If you know me at all, you know I tend to focus more on the positive side of things. However, as someone who consumes a lot of media, I can’t help but notice when a queer character is simply not hitting the mark. Whether it’s because of lack of good writing, poor character development, or that a character simply doesn’t work, we’ve seen some less than epic characters this season in TV this year. (The fact that I can actually make a list like this shows that we are at a point in pop culture and inclusion where we can be picky. What a time to be alive.)
This is not about characters who are anti-heroes or “unlikeable,” because those roles are often some of the best we see on TV. Also, before you raise the pitchforks and get to lighting those torches, some of these characters are here though no fault of their own. In fact, I really love a few that unfortunately ended up here.
Sara Harvey (Pretty Little Liars)
Oh, where to begin with Sara Harvey. I’ve made no bones about the fact that I’m a Paily shipper, but I would have sailed to Antarctica on the SS Emison if that meant that Sara Harvey was no more. Even after the finale, I’m still at a loss as to who Sara Harvey is and why she joined forces with Charlotte. Dre Davis, while lovely as all get out, was simply not at the same level as the other players and it showed from time to time. Maybe that just comes with the territory when you step into a show with established actors and characters, but her Sara’s scenes with Emily always felt uneven. The writing, which is almost always quite strong on PLL, seemed to just flop around like a dead fish when it came to Sara, too. All those showers, and we still don’t feel clean.
Stahma Tarr (Defiance)via Syfy
Stahma, Stahma, Stahma, I’m so sorry to interrupt your bath, but we need to talk. Jaime Murray is a masterful actress, but even she struggled to rise above this season’s terrible storyline. The once powerful, omnisexual, dynamo has been reduced to a shell of her former glory. Considering Stahma is one of Defiance‘s most popular and crucial characters, this is most disappointing. It’s not you Stahma, it’s them.
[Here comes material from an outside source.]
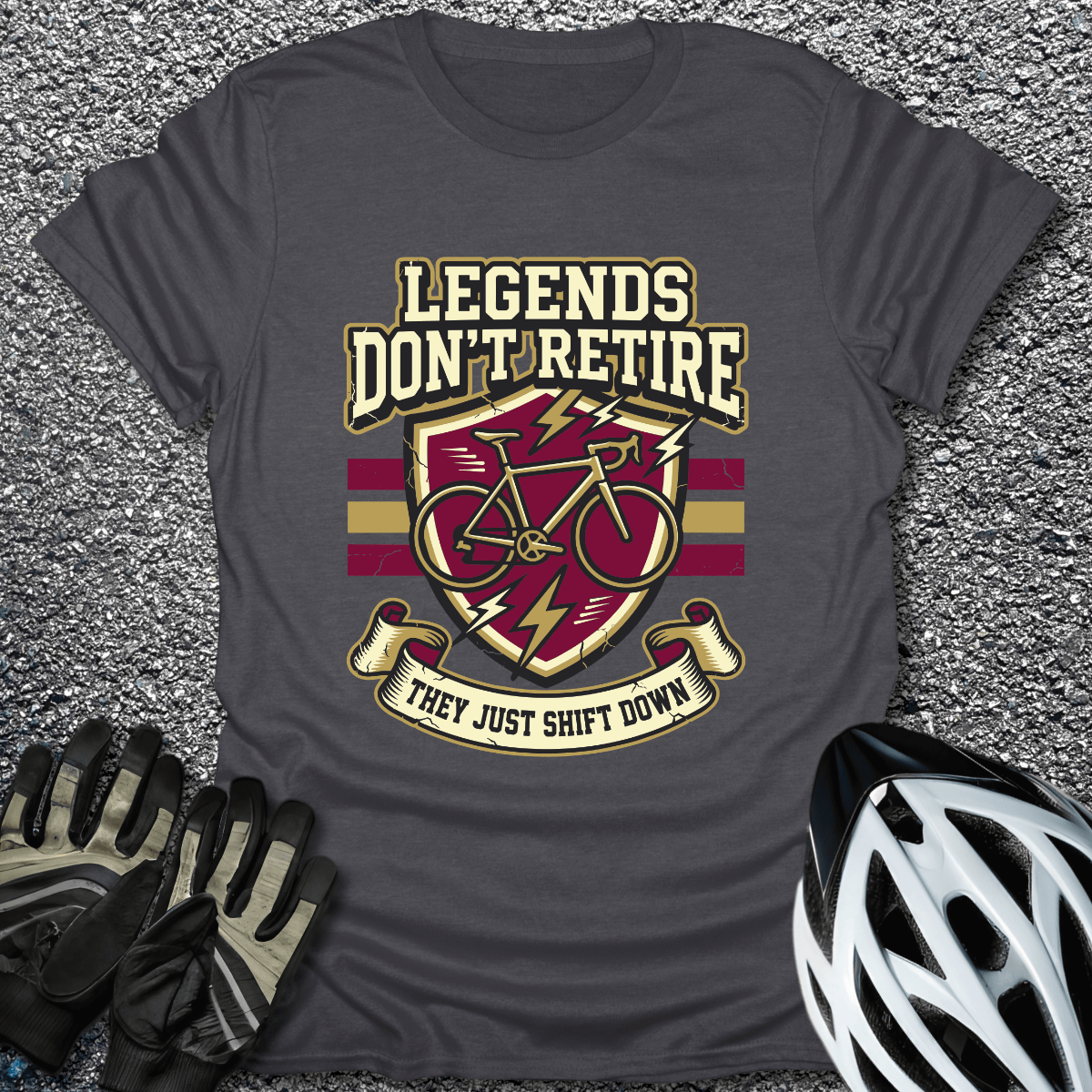 Legends Don't Retire T-Shirt in Dark Heather / S from CycleTees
Margo (Chasing Life)via ABC Family
There’s ex-girlfriend baggage, then there’s ex-girlfriend baggage. However, that’s not my major beef with Margo. While it’s obvious that Margo was sent to us to be a palate cleanser for our broken hearts over Grenna, she was a grown ass women trying to date a 16-year-old high school student. Check yourself, adult characters: If your girlfriend only has her driver’s permit, she’s too young to date. Dear ABC Family, you know I adore you, but please stop with these inappropriate age differences. Margo had her charms, but she was a placeholder—and an obvious one at that.
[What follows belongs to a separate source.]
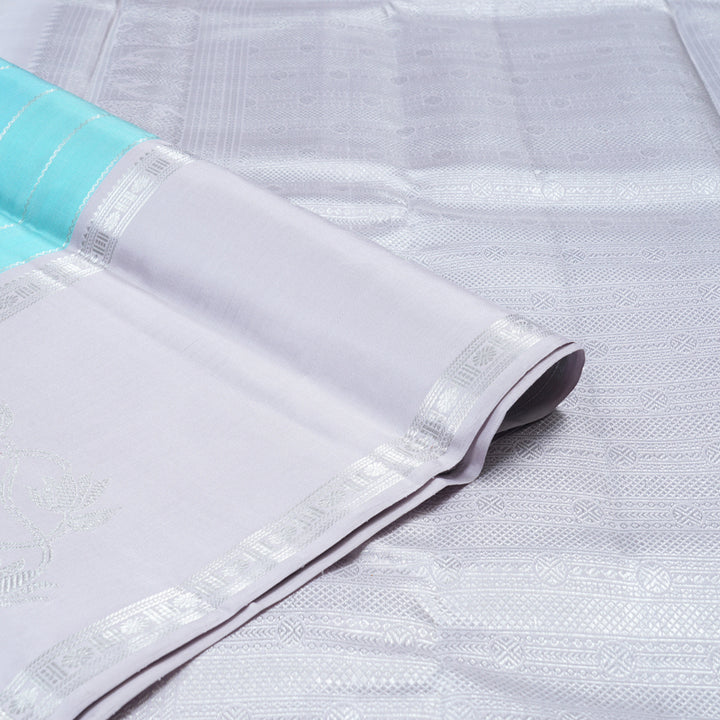 Hayagrivas Handloom Kanjivaram Silk Saree in Serene Light Sky Blue KBD1802B4-1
Barbara Kean (Gotham)via Fox
Sigh. What a mess this character became during Gotham‘s first season. She found herself in not one, but two harmful tropes. The old and tired “Unfaithful Bisexual” AND the “Mentally Unstable Queer” trope. Two for one! Booooooooooo. Maybe I’m just mad about the fact that Gotham discarded Renee Montoya like one of the Penguin’s broken umbrellas, but it was clear from the get go that the show runners and writers simply didn’t know what the hell to do with these two queer ladies.
This season, Barbara is supposed to become one of the big bads, and after watching her spiral down into unhealthy relationships and, you know, matricide and patricide, I just can’t get on board with Gotham. Producers teased that Barbara will be torn between two lovers this season, one male and one female (trope numero tres!). Even a new lady love interest is not enough to make up for the mess they made of poor Barbara’s story.